On the other hand, description can’t tell you what to expect from the experience–even after reading up on the show beforehand, I didn’t. What I can say is that the show provokes an almost continuous, slightly giddy laughter, even though nothing all that much takes place. If you’re interested in what happens when the artistically serendipitous meets the anthropological, read no more, just go.
Conceived, directed, and designed by Philippe Quesne, it begins with Gaëtan Vourc’h (who plays Serge) acting out the final bit from Vivarium Studio’s last show “D’Après Nature.”
He explains to you, nonchalantly, that that’s what he’s doing in a spacesuit. It’s this droll delivery in the face of the slightly askew that keeps the laughter coming throughout the show.
Serge, it transpires, lives in the apartment you see before you (a rectangular living room, a mauve carpet, a kitchen you can’t see, a ping pong table piled with stuff, sliding glass doors that look out on a “nature” scene–and you begin to understand why Vivarium rhymes with terrarium. On Sundays, he invites people over to enjoy tiny performances (one to three minutes in length), each set to music and gravely introduced by Serge, reading from a program bill.
It’s a show within a show, as much about the reaction of Serge’s audience as his mini-spectacles. We peer in, and interpret their behavior. They seem to really enjoy the shows, and talk animatedly about them afterwards. That’s funny, but why is it funny? When Serge deconstructs a shoe-bombing, why do we laugh?
Vourc’h’s Serge bears a strong resemblance to this emoticon: :-| . More elongated, but that, basically. He keeps conversation to a minimum, but what he does say is nuanced, inflected. When someone tries to conceptually interpret his show, there’s a Gallic nod, the corners of the mouth dipping, eyes up and right–which means, “You can say that and I will acknowledge it, but it’s of little interest to me and I hope you won’t press the point.”

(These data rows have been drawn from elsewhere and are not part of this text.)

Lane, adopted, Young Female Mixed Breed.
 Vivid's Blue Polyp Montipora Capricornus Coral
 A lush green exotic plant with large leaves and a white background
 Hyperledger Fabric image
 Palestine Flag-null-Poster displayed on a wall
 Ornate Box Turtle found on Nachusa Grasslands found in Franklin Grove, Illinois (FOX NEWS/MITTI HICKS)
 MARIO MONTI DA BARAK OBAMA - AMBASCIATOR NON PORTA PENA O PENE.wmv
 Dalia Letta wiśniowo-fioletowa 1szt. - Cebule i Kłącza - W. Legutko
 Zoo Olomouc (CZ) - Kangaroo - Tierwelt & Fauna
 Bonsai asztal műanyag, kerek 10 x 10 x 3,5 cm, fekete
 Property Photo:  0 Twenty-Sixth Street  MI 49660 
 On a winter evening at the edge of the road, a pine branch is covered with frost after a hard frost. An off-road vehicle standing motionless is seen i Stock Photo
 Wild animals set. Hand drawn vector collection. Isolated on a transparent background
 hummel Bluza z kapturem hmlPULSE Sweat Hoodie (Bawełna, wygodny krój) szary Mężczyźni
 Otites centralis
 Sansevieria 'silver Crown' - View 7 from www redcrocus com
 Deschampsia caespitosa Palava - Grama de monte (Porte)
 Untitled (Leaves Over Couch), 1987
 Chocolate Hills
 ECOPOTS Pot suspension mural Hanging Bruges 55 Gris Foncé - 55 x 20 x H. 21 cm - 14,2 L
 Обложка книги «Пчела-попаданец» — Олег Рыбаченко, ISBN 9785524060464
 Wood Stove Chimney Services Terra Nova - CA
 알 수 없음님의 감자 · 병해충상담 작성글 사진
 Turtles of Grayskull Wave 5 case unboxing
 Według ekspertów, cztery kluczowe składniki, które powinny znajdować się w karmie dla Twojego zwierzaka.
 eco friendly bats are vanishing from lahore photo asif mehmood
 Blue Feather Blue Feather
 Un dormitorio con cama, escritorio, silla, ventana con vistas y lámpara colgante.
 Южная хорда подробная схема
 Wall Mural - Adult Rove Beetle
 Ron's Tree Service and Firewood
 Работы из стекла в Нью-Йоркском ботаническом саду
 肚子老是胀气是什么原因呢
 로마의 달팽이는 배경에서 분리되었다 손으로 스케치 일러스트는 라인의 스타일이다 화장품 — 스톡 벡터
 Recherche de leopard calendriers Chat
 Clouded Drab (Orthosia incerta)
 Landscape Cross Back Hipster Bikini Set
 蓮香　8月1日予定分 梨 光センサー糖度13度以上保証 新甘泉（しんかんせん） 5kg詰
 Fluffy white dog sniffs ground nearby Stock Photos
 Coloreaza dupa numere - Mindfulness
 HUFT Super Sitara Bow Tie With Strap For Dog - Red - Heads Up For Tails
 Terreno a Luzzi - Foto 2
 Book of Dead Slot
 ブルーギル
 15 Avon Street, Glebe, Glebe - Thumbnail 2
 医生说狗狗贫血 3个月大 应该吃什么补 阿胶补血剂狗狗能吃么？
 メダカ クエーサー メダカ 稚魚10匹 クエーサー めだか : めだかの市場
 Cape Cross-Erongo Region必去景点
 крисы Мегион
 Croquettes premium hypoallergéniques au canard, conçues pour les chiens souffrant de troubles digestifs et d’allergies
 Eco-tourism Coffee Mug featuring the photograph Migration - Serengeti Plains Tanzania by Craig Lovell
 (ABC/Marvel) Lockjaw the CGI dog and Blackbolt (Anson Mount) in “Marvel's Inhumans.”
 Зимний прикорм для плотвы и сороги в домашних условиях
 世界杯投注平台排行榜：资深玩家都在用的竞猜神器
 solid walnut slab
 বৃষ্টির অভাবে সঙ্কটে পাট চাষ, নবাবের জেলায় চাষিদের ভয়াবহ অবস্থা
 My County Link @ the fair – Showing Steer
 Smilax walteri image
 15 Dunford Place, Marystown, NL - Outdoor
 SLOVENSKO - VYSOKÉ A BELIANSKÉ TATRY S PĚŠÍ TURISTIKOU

Though they are minimalist (certainly in length), there’s no denying the appeal of Serge’s DIY shows. By themselves, they might remind you of how much money–billions of dollars!–Hollywood spends to entertain audiences with spectacle. Yet here is Serge in his apartment, making things up for free. Is it weird? Do these people have nothing better to do? What draws them? (The drinks and pizza?)
The terrarium frame means, I think, these questions can’t really be answered. We can only watch and guess at what the inhabitants of the Vivarium think and feel. That’s where that endlessly entertaining “What is he doing now?” curiosity comes from, even as Serge eats a few potato chips, watches TV, orders a pizza. By removing a sense of import, Quesne frees you up to simply be there as things happen.
This Thursday through Sunday, On the Boards will present a show you almost didn’t get to see, “L’Effet de Serge” by France’s Vivarium Studio (April 14-17, tickets). For the first time, says On the Boards, their request for an artist’s visa was denied.
“In our 34-year history we have brought hundreds of foreign artists to the U.S. and this is the first time that we have encountered this kind of visa difficulty,” reads the OtB blog. (More peculiarly, Vivarium Studio had just been granted a U.S. visa back in January.)
Despite giving themselves two months’ runway (visa clearance averages two weeks here on the West Coast), OtB had found themselves out of time. After being asked to provide evidence that the Obie Awards (“L’Effet de Serge” won a special citation in 2010) were like the Academy Awards, in terms of demonstrating “extraordinary ability,” weeks passed, and then the visa request was denied.
The organization was torn between canceling the show, or making a last-ditch effort, which they did, with the aid “several prominent immigration lawyers and congressional offices [Jim McDermott, Patty Murray] and foreign consulate offices.”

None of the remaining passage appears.